Parmi les “pivots” passés figurent le Metavers, le concept futuriste que Zuckerberg avait présenté comme l’avenir de la société il y a trois ans. Récemment, Meta teste ses propres “utilisateurs” générés par intelligence artificielle pour stimuler l’engagement.
“Ils sont désormais à la fin d’une longue série de choix extrêmement mauvais”, a déclaré Doctorow. Ce n’est pas à dire que Meta est vouée à l’échec, mais “je pense qu’ils sont sur la voie de devenir une sorte de zombie — comme MySpace aujourd’hui. MySpace existe encore. C’est juste que c’est une plateforme remplie de contenu généré par IA et de spam.”
Notre Opinion
Le repositionnement stratégique de Meta soulève des questions quant à sa viabilité à long terme, surtout dans un environnement numérique en constante évolution. En tentant de s’aligner avec des personnalités controversées comme Donald Trump, Meta pourrait non seulement perdre un public soucieux de la sécurité des marques, mais également risquer de compromettre la confiance des annonceurs, essentielle à ses revenus. Cette approche pourrait refléter un désespoir face à une concurrence croissante et à des défis internes, engendrant des répercussions potentielles sur l’engagement des utilisateurs et, par conséquent, sur la valeur de l’entreprise. La vigilance sera de mise pour observer comment cette stratégie se traduira sur le terrain.

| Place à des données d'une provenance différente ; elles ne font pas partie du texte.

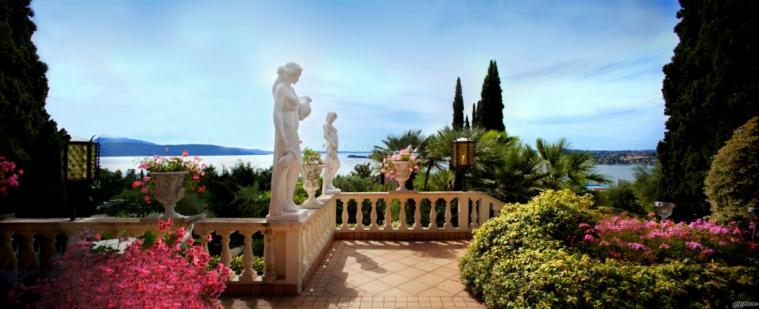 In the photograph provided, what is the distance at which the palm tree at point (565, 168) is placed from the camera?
23.0 ft

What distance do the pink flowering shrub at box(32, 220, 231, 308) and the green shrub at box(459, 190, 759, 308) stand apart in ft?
8.18

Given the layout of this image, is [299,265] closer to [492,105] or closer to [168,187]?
[168,187]

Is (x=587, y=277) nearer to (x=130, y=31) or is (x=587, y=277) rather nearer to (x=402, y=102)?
(x=130, y=31)

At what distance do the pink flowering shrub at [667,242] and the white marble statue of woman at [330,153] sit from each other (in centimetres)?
388

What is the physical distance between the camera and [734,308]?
6.63 ft

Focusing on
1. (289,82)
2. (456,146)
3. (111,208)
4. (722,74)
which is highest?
(722,74)

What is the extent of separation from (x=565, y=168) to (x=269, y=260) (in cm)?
649

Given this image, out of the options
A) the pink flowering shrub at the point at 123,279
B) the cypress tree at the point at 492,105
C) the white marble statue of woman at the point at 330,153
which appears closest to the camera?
the pink flowering shrub at the point at 123,279

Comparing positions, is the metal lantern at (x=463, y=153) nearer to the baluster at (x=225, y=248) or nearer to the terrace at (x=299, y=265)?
the terrace at (x=299, y=265)

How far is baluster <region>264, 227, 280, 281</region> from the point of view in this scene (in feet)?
11.3

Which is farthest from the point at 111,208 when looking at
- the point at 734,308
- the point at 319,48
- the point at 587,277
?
the point at 734,308

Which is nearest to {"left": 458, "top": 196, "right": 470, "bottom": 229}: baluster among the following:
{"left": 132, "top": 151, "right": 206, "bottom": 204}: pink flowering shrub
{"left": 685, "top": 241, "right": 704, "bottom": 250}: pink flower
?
{"left": 685, "top": 241, "right": 704, "bottom": 250}: pink flower

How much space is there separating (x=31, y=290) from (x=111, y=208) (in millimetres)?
6092

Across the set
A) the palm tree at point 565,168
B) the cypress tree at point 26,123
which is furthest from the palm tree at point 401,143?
the cypress tree at point 26,123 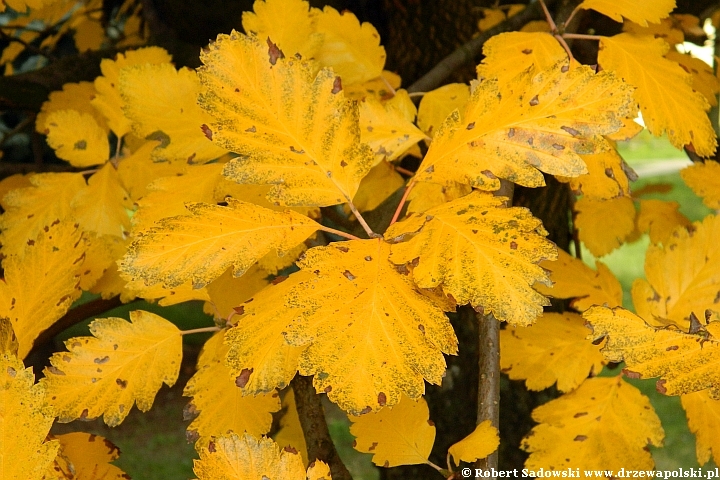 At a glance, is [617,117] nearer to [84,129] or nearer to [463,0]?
[84,129]

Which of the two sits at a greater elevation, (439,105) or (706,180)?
(439,105)

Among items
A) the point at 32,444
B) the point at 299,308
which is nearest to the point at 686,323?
the point at 299,308

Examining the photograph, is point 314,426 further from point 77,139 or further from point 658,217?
point 658,217

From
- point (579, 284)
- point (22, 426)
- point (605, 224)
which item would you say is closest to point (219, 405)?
point (22, 426)

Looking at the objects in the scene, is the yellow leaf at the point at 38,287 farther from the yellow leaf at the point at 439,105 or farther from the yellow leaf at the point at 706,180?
the yellow leaf at the point at 706,180

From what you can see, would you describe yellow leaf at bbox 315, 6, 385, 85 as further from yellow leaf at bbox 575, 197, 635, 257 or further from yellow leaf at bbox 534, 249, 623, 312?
yellow leaf at bbox 575, 197, 635, 257

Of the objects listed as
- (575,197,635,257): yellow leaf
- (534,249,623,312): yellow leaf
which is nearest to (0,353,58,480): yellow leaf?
(534,249,623,312): yellow leaf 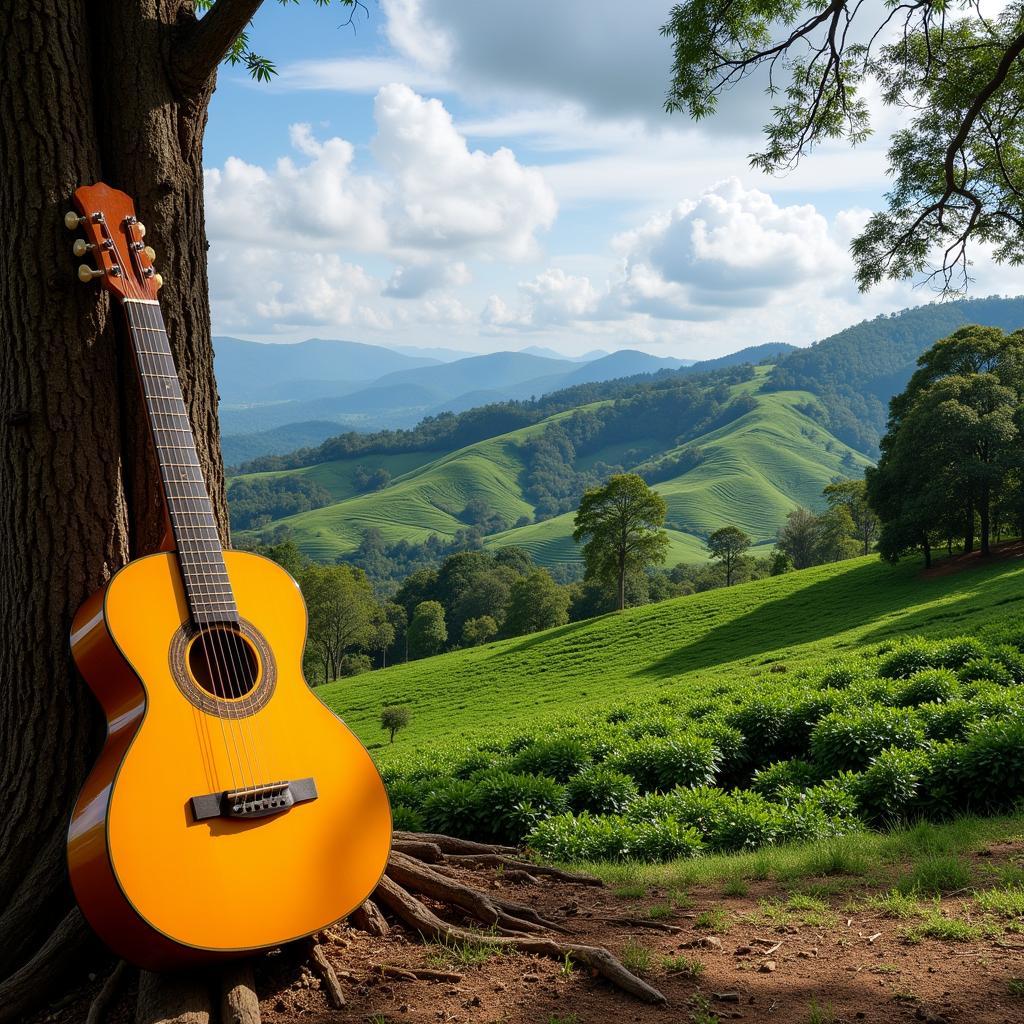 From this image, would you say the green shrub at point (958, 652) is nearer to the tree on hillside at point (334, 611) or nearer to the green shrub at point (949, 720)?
the green shrub at point (949, 720)

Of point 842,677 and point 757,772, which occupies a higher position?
point 757,772

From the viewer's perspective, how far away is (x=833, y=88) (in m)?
9.16

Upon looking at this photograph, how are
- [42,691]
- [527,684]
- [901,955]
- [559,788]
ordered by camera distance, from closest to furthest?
[901,955]
[42,691]
[559,788]
[527,684]

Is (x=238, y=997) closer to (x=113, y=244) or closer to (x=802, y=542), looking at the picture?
(x=113, y=244)

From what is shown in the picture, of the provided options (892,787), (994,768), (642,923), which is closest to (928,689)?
(994,768)

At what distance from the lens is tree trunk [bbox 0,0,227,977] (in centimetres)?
394

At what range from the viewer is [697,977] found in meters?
3.55

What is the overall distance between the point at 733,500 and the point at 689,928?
188 metres

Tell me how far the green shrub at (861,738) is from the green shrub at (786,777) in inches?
5.8

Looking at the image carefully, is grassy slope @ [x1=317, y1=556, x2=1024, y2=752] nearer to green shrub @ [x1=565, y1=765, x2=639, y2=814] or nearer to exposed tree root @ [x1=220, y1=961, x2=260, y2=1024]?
green shrub @ [x1=565, y1=765, x2=639, y2=814]

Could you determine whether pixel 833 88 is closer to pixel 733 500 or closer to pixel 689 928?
pixel 689 928

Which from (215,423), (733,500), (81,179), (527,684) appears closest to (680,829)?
(215,423)

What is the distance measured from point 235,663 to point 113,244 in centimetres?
211

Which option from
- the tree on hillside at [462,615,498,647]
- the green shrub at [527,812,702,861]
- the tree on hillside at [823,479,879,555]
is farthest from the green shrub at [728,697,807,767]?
the tree on hillside at [823,479,879,555] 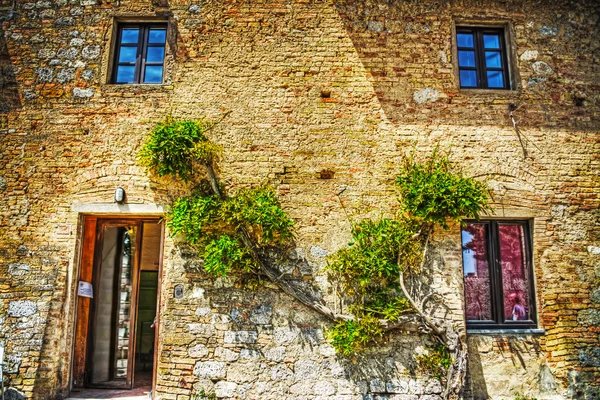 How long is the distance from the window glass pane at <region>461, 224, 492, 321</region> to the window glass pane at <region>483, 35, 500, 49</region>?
2.39 meters

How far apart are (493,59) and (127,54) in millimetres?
4763

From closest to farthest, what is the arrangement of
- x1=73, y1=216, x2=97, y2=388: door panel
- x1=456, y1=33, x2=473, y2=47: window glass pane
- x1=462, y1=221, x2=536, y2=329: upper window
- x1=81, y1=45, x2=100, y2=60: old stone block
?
x1=462, y1=221, x2=536, y2=329: upper window < x1=73, y1=216, x2=97, y2=388: door panel < x1=81, y1=45, x2=100, y2=60: old stone block < x1=456, y1=33, x2=473, y2=47: window glass pane

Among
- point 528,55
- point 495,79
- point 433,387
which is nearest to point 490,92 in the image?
point 495,79

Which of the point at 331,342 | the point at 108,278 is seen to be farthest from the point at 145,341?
the point at 331,342

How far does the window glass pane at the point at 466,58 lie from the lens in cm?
618

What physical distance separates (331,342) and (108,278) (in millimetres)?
3247

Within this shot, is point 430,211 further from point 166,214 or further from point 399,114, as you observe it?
point 166,214

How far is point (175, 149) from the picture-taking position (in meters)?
5.35

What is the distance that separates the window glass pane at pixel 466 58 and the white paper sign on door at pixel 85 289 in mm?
5446

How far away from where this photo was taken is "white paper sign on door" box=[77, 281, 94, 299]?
5668 mm

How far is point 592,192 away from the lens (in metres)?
5.83

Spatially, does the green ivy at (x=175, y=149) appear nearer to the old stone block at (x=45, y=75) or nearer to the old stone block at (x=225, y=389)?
the old stone block at (x=45, y=75)

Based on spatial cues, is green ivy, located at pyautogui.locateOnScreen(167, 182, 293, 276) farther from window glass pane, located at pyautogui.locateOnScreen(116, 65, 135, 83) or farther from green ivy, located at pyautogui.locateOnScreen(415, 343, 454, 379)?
green ivy, located at pyautogui.locateOnScreen(415, 343, 454, 379)

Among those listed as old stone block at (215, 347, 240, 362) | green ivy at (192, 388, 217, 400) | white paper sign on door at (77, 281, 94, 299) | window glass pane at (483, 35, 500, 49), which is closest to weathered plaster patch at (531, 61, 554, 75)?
window glass pane at (483, 35, 500, 49) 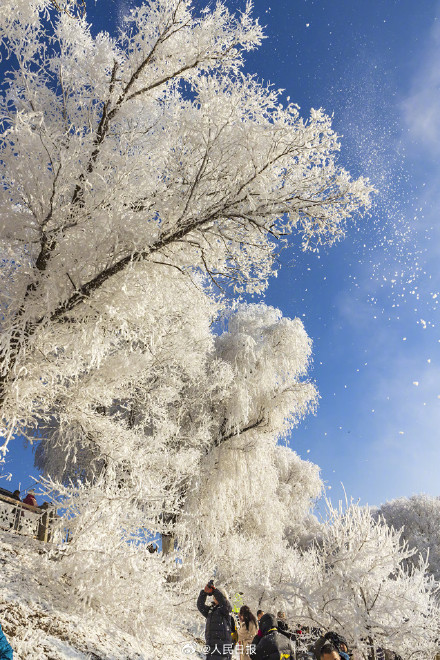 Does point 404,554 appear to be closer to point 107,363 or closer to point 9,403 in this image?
point 107,363

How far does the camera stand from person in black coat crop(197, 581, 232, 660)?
5.33 metres

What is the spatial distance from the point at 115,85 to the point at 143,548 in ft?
22.7

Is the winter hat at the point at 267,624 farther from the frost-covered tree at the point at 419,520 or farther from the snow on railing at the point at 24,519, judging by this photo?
the frost-covered tree at the point at 419,520

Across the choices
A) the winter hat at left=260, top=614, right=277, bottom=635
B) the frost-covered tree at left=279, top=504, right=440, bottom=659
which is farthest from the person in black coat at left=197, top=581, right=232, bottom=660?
the frost-covered tree at left=279, top=504, right=440, bottom=659

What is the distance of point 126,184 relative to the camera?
486 cm

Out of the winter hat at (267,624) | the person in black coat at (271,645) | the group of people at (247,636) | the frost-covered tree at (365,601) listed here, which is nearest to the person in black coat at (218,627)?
the group of people at (247,636)

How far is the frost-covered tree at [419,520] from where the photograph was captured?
30.5 metres

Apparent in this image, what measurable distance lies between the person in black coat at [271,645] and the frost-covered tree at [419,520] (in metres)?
30.2

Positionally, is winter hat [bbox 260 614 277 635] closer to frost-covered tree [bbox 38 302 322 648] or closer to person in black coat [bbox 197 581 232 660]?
person in black coat [bbox 197 581 232 660]

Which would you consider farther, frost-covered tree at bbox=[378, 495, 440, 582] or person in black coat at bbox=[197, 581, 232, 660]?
frost-covered tree at bbox=[378, 495, 440, 582]

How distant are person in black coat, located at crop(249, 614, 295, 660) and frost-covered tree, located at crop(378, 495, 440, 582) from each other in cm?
3016

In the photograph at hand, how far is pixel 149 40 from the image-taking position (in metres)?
5.56

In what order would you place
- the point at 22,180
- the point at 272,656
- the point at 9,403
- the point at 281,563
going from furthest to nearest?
the point at 281,563 → the point at 9,403 → the point at 272,656 → the point at 22,180

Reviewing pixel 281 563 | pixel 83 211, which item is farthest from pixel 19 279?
pixel 281 563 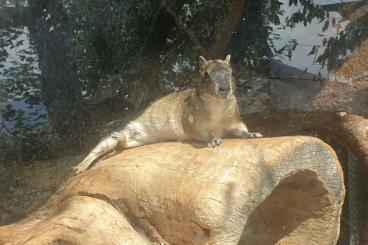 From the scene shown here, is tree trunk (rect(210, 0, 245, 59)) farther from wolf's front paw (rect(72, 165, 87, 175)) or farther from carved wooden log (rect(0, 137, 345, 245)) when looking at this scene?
wolf's front paw (rect(72, 165, 87, 175))

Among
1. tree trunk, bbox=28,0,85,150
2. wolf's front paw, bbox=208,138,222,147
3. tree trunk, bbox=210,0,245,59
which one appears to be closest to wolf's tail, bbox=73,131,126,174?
tree trunk, bbox=28,0,85,150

- Source image(s) : www.cnn.com
- Source : https://www.cnn.com/2025/01/08/business/meta-facebook-zuck-trump-nightcap/index.html
![Marine Martin](https://www.sefarad.org/toup/2024/05/marine-martin.jpg)
Marine Martin, originaire de l’île Maurice, a débuté sa carrière comme conseillère bancaire avant de se faire un nom à New York. Passionnée par les marchés financiers internationaux, elle se spécialise dans les domaines de la banque, de la finance et du trading.